**What you will do**: Each record is to be printed again exactly, though not its pictures.

Image-caption web data
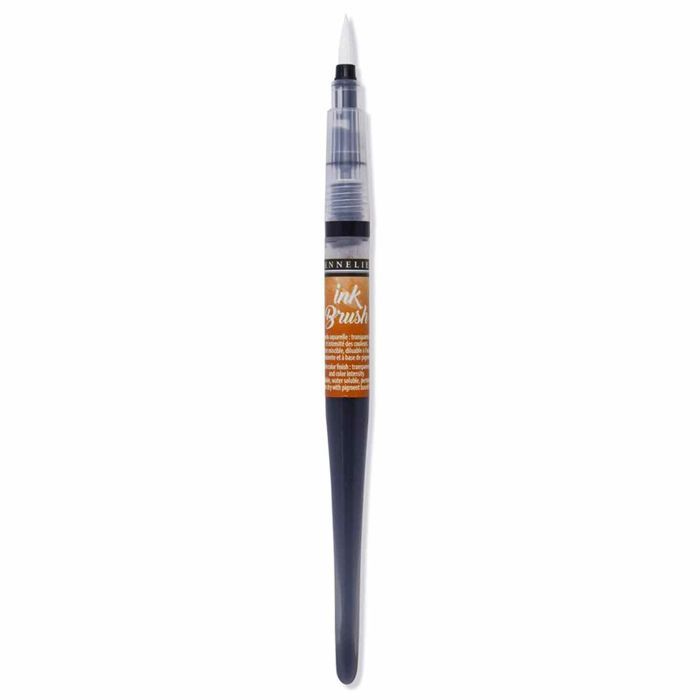 Pinceau pré-rempli - Ink Brush - Ocre Jaune - Sennelier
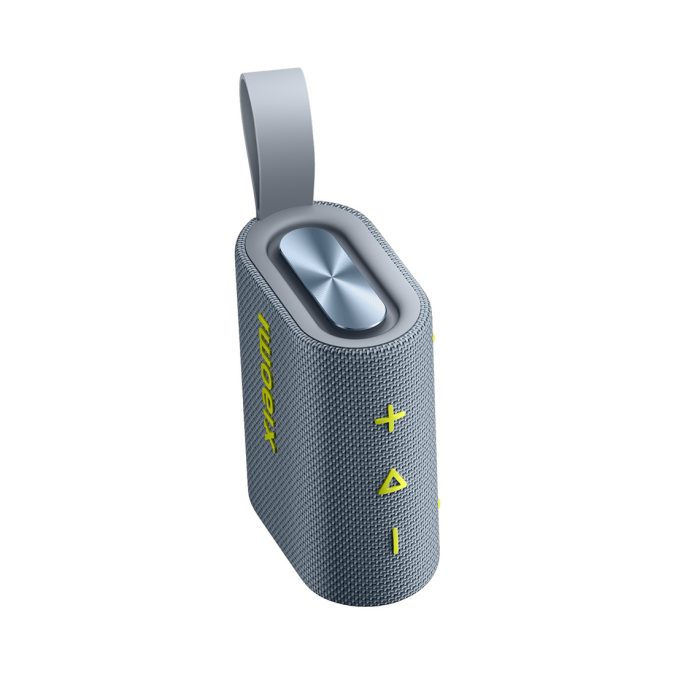 Портативная колонка, Xiaomi, Sound Pocket 5W Bluegray, S28H-GL, QBH4378GL/MDZ-37-DB, Bluetooth Version: 5.4, Мощность 5W, Диапазон частот: 100 Гц-20 кГц, Продолжительность воспроизведения: прибл. 10 часов (при 40% громкости), Батарея: литий-ионная. 1000 мАч, Время зарядки: 3 часа, Номинальная мощность: 5 В, 1 А, Дальность передачи: 25 м, Вес нетто: 200 г, Размер изделия:74.4*42.6*90.8 мм, Влагоустойчивость IP67, Серо-голубой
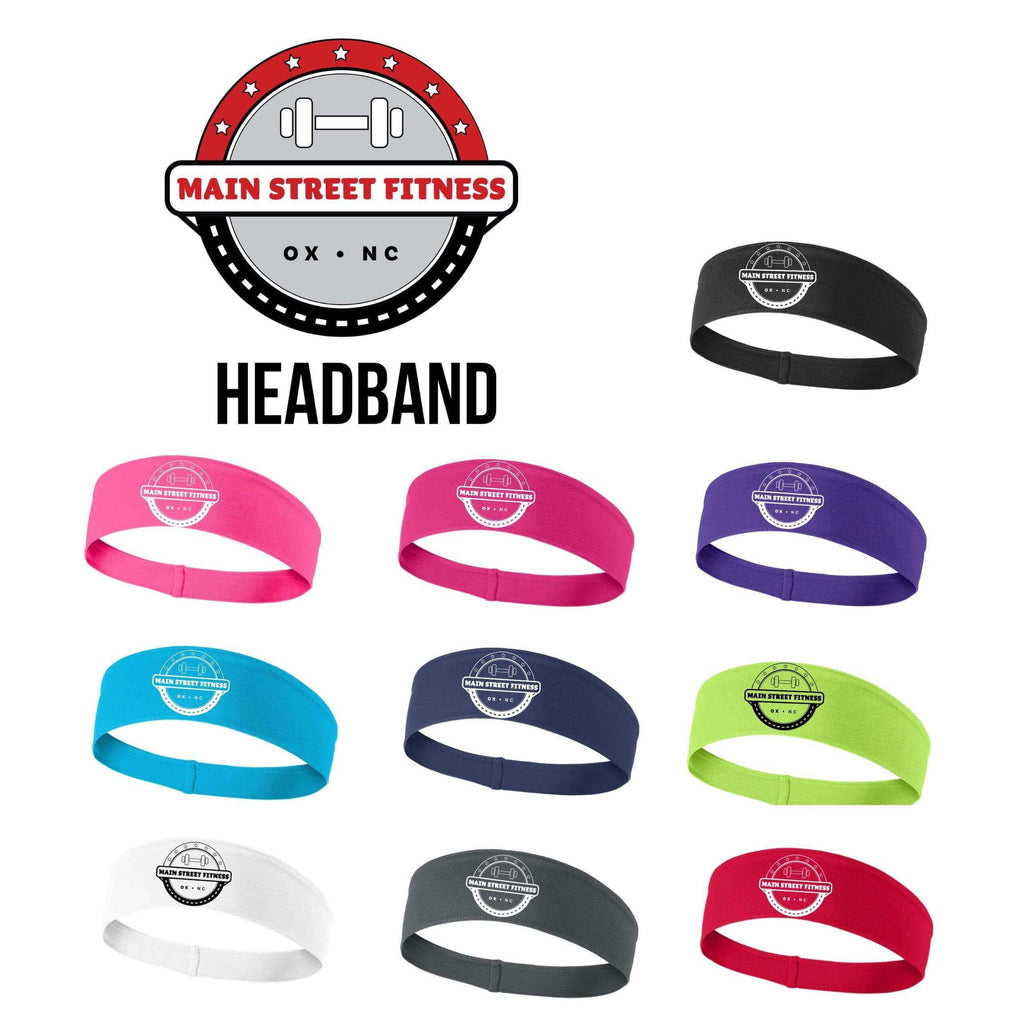Main Street Fitness Headbands - Winks Design Studio,LLC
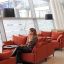 An updated business lounge has opened at Kazan Airport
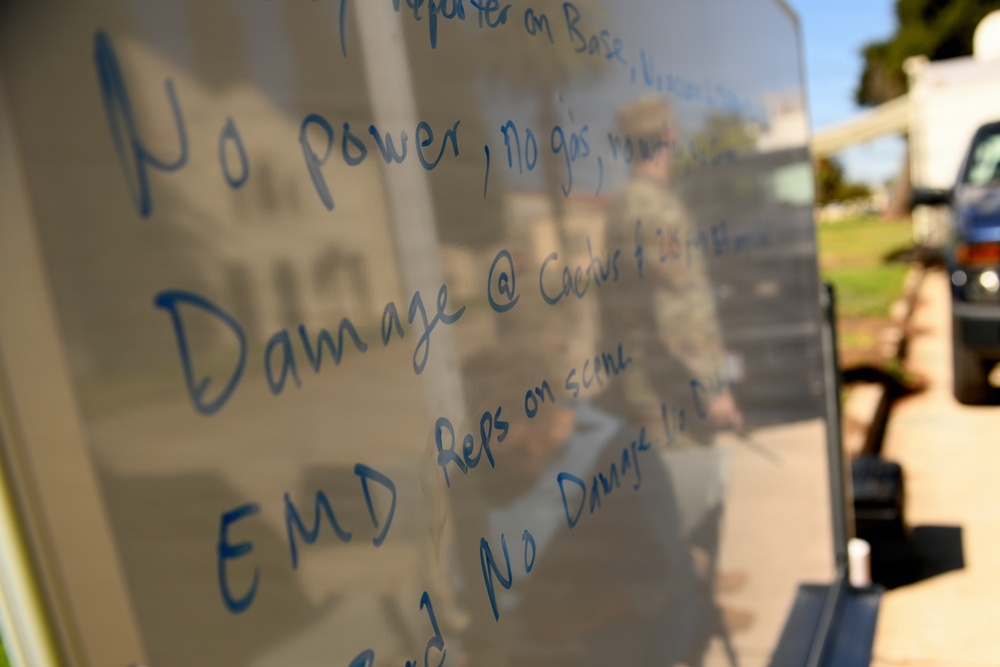 March Conducts an Energy Resilience Readiness Exercise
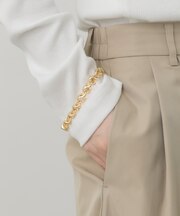 チャンキーチェーンブレスレット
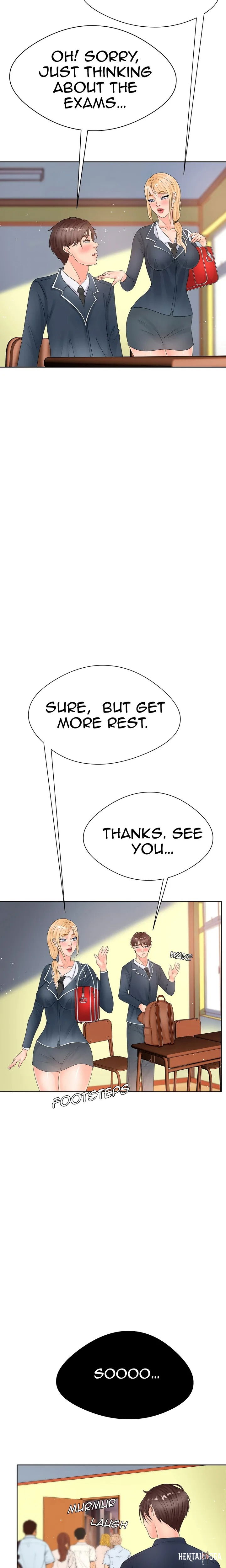 She Teaches Me a Lot (Uncensored) She Teaches Me a Lot (Uncensored) Chapter 8 - Page 4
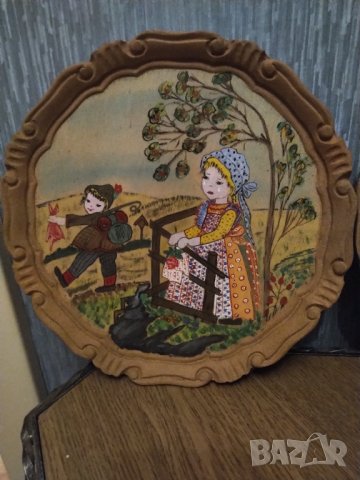 Картини найвизъм върху дърво , снимка 6 - Картини - 42553505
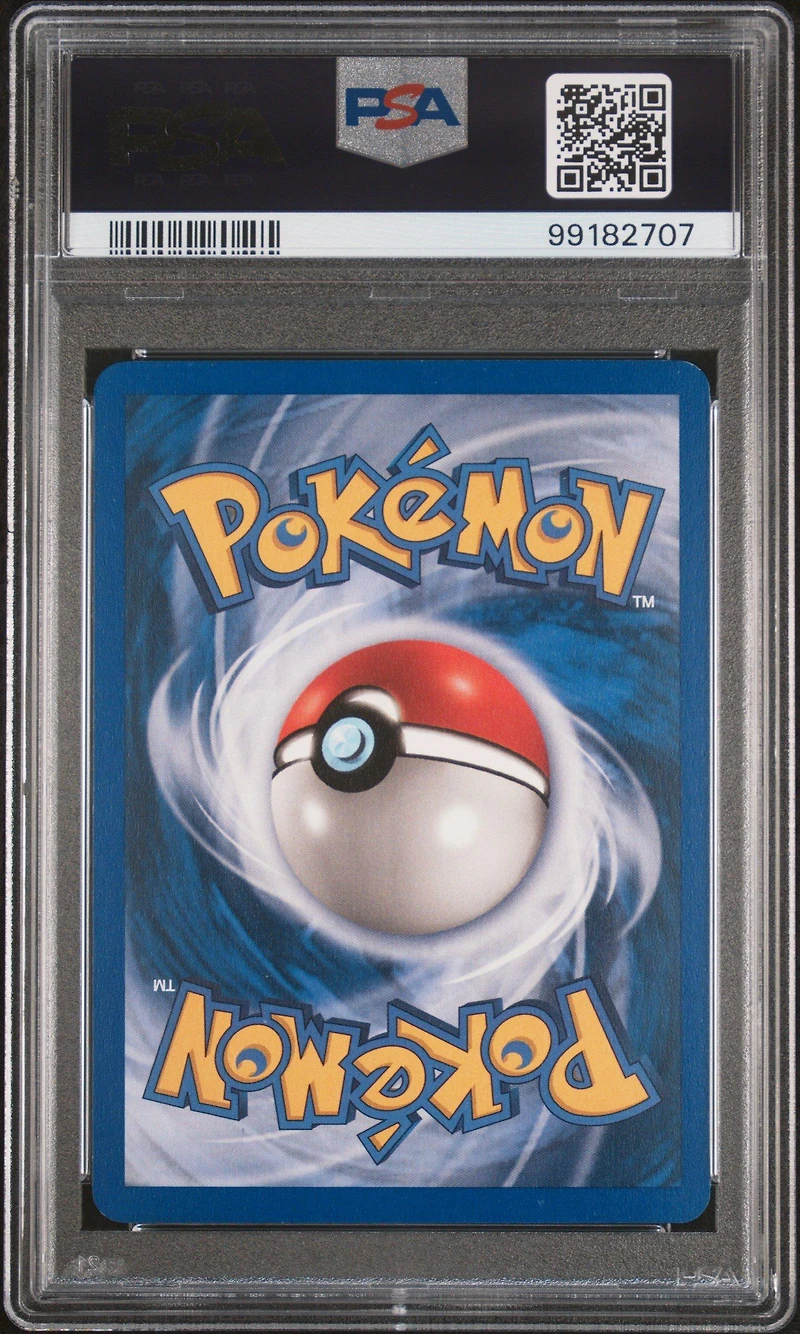 2002 Pokemon Legendary Collection 48 Kabuto-reverse Foil PSA 8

**Answer box**:
 Pinceau pré-rempli - Ink Brush - Ocre Jaune - Sennelier
 Портативная колонка, Xiaomi, Sound Pocket 5W Bluegray, S28H-GL, QBH4378GL/MDZ-37-DB, Bluetooth Version: 5.4, Мощность 5W, Диапазон частот: 100 Гц-20 кГц, Продолжительность воспроизведения: прибл. 10 часов (при 40% громкости), Батарея: литий-ионная. 1000 мАч, Время зарядки: 3 часа, Номинальная мощность: 5 В, 1 А, Дальность передачи: 25 м, Вес нетто: 200 г, Размер изделия:74.4*42.6*90.8 мм, Влагоустойчивость IP67, Серо-голубой
Main Street Fitness Headbands - Winks Design Studio,LLC
 An updated business lounge has opened at Kazan Airport
 March Conducts an Energy Resilience Readiness Exercise
 チャンキーチェーンブレスレット
 She Teaches Me a Lot (Uncensored) She Teaches Me a Lot (Uncensored) Chapter 8 - Page 4
 Картини найвизъм върху дърво , снимка 6 - Картини - 42553505
 2002 Pokemon Legendary Collection 48 Kabuto-reverse Foil PSA 8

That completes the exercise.